**Material to process:**

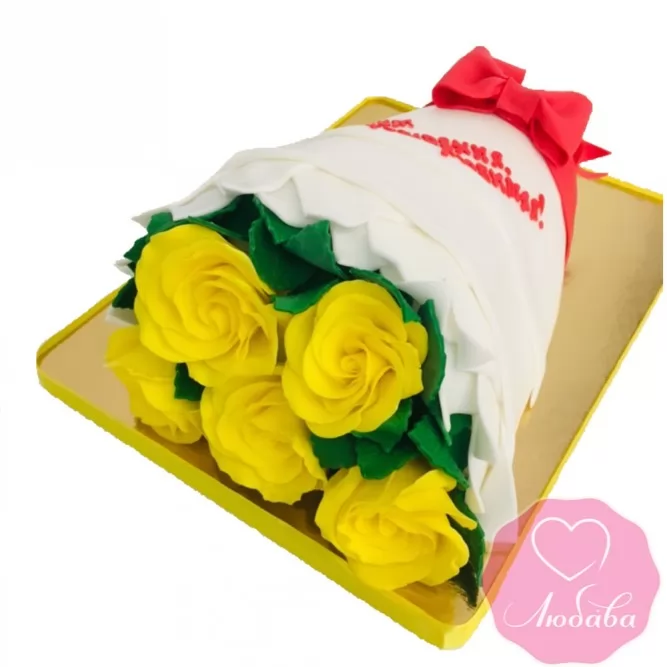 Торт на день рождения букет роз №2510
* * *
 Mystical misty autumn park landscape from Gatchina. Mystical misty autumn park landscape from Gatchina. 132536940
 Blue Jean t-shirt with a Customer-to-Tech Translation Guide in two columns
---
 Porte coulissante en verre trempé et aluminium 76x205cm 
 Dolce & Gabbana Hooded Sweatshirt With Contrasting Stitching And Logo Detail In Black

**Exercise details:**
Both end lines included, restate word for word the lines above from the line with "Porte coulissante en" to the line with "Dolce & Gabbana", and nothing else.

**Response to this task:**
 Porte coulissante en verre trempé et aluminium 76x205cm 
 Dolce & Gabbana Hooded Sweatshirt With Contrasting Stitching And Logo Detail In Black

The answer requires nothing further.